Table 11 Performance comparison among base models and proposed model.

Full size table

The accuracy of the M5P and random tree (RT) models yielded 23.88% and 40.73% in the MAPE, respectively⁴² while the SVR model in³⁹ obtained 16.01% in MAPE in the day-ahead prediction of hourly energy use in buildings. The proposed SAMFOR model reached 9.56% in the MAPE in predicting one-day-ahead energy consumption. Compared to these studies in the literature, the SAMFOR model was very competitive and effective. The power of the hybrid approach comes from taking advantage of a linear model and a nonlinear model, in which an optimization algorithm was applied to fine-tune the configuration of the proposed model. Notably, in the proposed hybrid model, the FA was used to optimize the hyperparameters of the SVR. Moreover, appropriate inputs used for prediction were analyzed and selected via three sensitivity analyses. Thus, the SAMFOR model was an effective model for forecasting short-time energy consumption. The one-day-ahead energy consumption prediction results provide building owners, building managers, and network operators with insights and references to improve energy efficiency.
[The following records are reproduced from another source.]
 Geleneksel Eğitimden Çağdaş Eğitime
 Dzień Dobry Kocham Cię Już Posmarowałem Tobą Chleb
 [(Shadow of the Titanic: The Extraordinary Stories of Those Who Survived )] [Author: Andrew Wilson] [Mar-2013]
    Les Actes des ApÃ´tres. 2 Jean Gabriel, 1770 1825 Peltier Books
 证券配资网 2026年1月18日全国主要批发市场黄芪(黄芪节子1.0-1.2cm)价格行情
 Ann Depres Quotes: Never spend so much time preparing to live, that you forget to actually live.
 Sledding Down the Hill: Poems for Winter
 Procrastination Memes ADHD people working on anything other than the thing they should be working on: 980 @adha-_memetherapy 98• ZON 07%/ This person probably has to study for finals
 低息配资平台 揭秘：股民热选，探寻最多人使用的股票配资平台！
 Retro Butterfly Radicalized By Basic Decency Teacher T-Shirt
Particularly, the operating schedule of appliances, lighting systems, and the air-conditioning system can be optimized and shifted to reduce energy costs.

Conclusions

Sustainable development of energy is an important concern for many countries. Energy use reduction in buildings is beneficial to society in terms of economy and ecology. Challenges of energy consumption prediction include (1) selecting an appropriate value of lag for time-series energy use prediction in buildings, (2) identifying an appropriate input set for a prediction, (2) setting parameters of the prediction model, (3) selecting an appropriate size of the learning data for a prediction, and (4) optimizing the parameters of the prediction model.
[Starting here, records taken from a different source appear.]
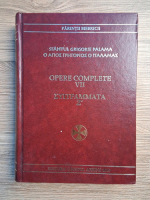 Sfantul Grigorie Palama - Opere complete (volumul 7)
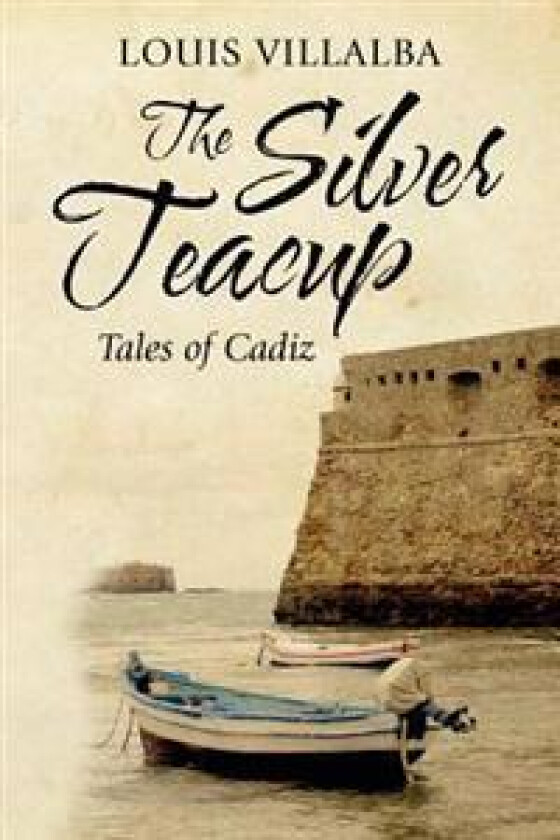 The Silver Teacup: Tales of Cadiz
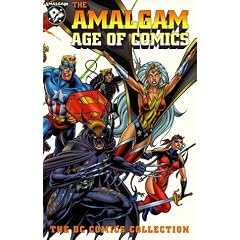 The Amalgam Age of Comics (The DC Comics Collection)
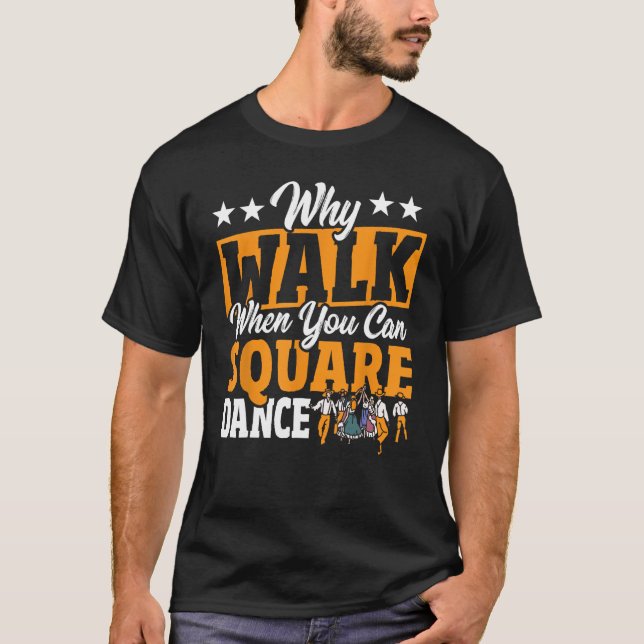 Square Dancing Why Walk When You Can Square Dance T-Shirt (Front)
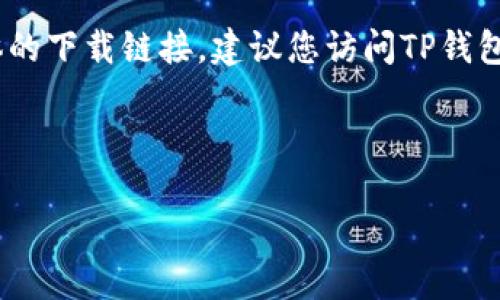 注意：由于安全和合法性的问题，我无法提供具体的下载链接。建议您访问TP钱包的官方网站或可信的应用商店来获取相关信息。

### 与关键词

TP钱包下载指南：如何安全获取最新版本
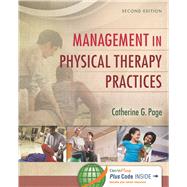 Management in Physical Therapy Practices by Page, Catherine G., 9780803640337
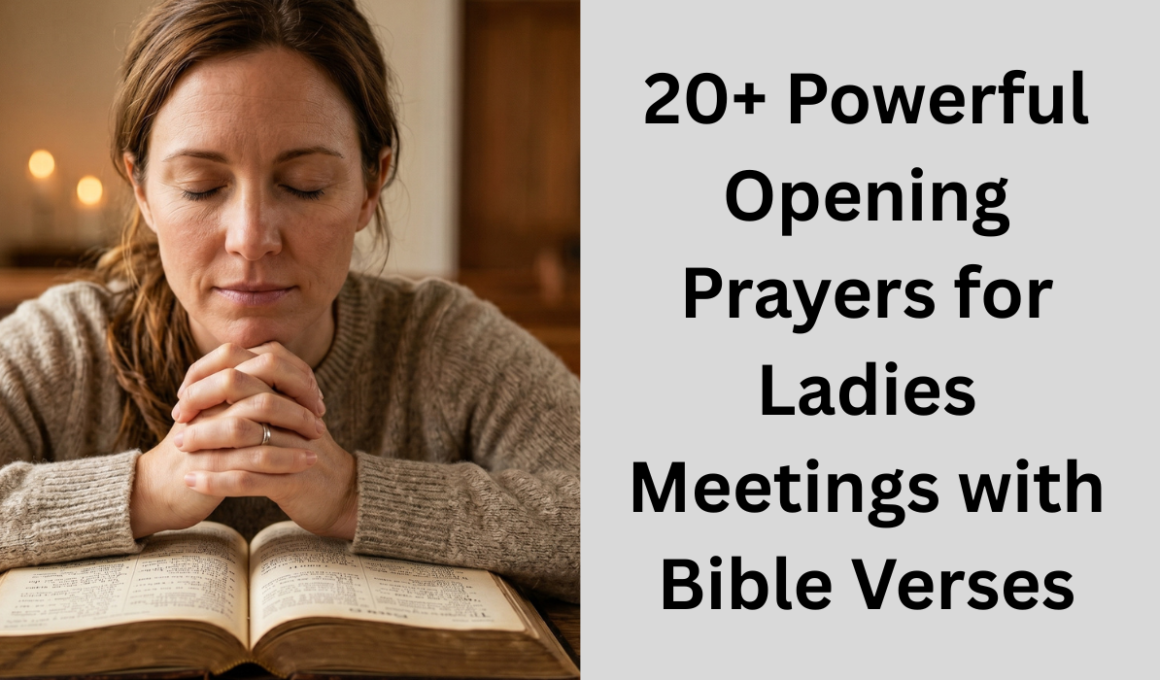 20+ Powerful Opening Prayers for Ladies Meetings with Bible Verses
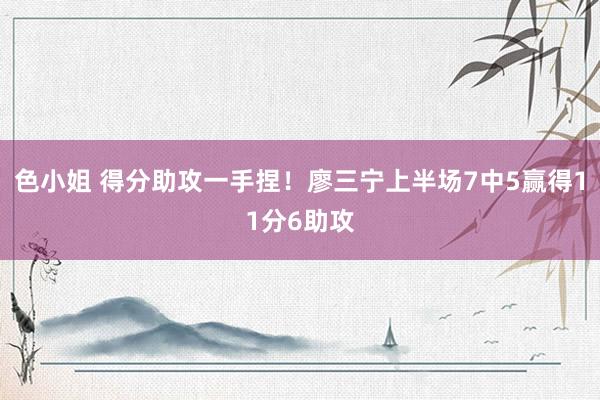 色小姐 得分助攻一手捏！廖三宁上半场7中5赢得11分6助攻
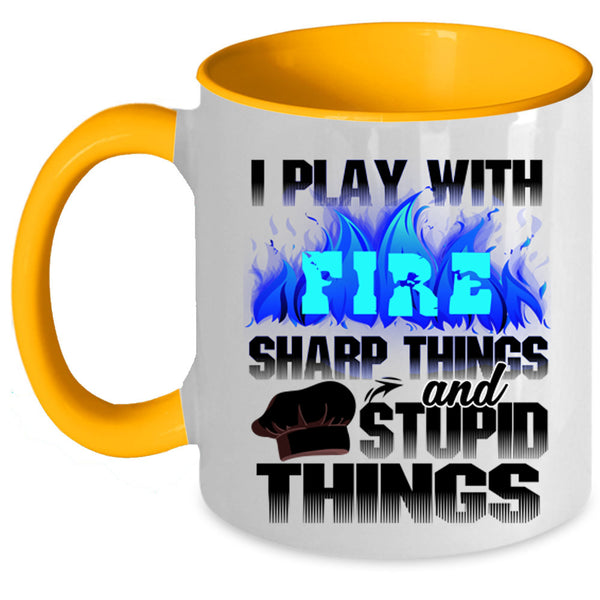 Sharp Things And Stupid Things Coffee Mug, I Play With Fire Accent Mug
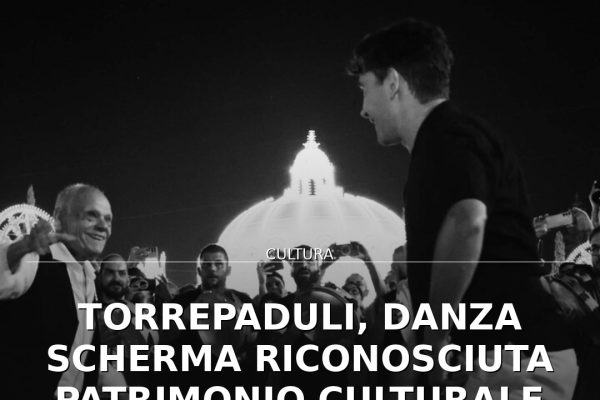 Torrepaduli, Danza Scherma riconosciuta Patrimonio Culturale Immateriale di Puglia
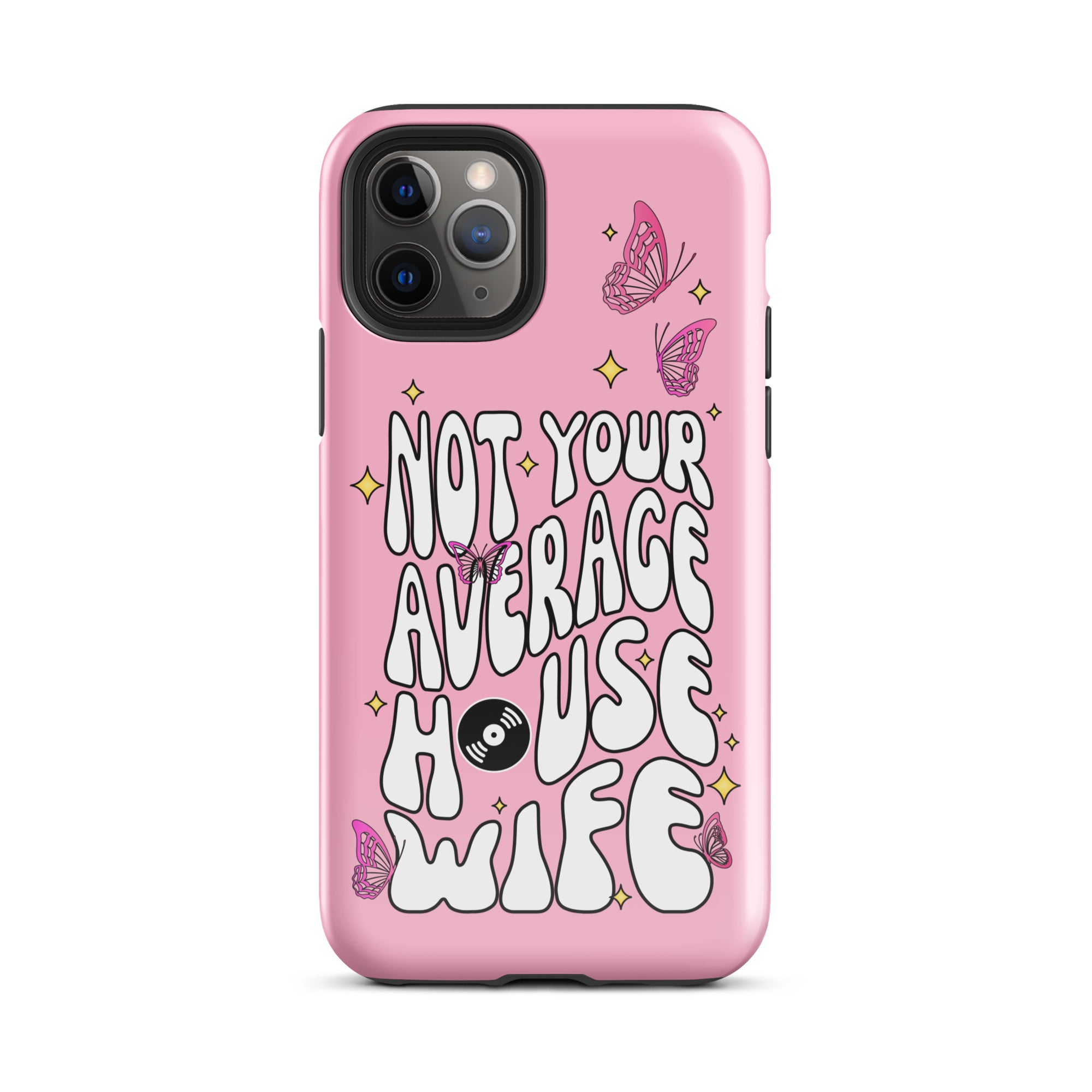 Not Your Average House Wife Tough Case for iPhone®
This study proposed a hybrid artificial intelligence prediction model for forecasting time-series energy consumption in buildings toward sustainable development. The proposed model, namely SAMFOR, was constituted by the seasonal autoregressive integrated moving average (SARIMA), support vector regression (SVR), and firefly algorithm (FA). A large dataset of hourly energy consumption collected from buildings in Vietnam was used to train and test the performance of the proposed model. The proposed model achieved a great performance in predicting one-day-ahead energy consumption in the 30-min intervals in buildings. The accuracy measures by the SAMFOR model were 1.77 kWh in the root-mean-square-error, 5.02 kWh in the mean absolute error, 9.56% in the mean absolute percentage error, and 0.914 in the correlation coefficient in the test phase.
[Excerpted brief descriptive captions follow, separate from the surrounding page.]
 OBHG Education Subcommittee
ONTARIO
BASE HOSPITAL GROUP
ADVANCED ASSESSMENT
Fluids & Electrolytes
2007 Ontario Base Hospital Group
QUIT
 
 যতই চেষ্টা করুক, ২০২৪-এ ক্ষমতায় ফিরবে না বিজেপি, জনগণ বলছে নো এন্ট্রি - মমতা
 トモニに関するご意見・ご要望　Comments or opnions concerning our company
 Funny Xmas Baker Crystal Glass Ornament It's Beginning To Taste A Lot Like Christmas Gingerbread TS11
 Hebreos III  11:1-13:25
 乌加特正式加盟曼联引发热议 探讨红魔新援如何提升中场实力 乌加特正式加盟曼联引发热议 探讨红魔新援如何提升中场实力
The hybrid SAMFOR model can take advantage of a linear model and a nonlinear model, in which an optimization algorithm was applied to fine-tune the configuration of the proposed model. Moreover, appropriate inputs used for prediction were analyzed and selected via three sensitivity analyses. Thus, the SAMFOR model was an effective model for forecasting short-time energy consumption. The proposed SAMFOR model improved the accuracy from 7.0 to 42.3 kWh in the RMSE as compared to baseline models of the SARIMA, SVR, and RF models. The results confirmed the effectiveness of the SAMFOR model in predicting energy consumption in buildings.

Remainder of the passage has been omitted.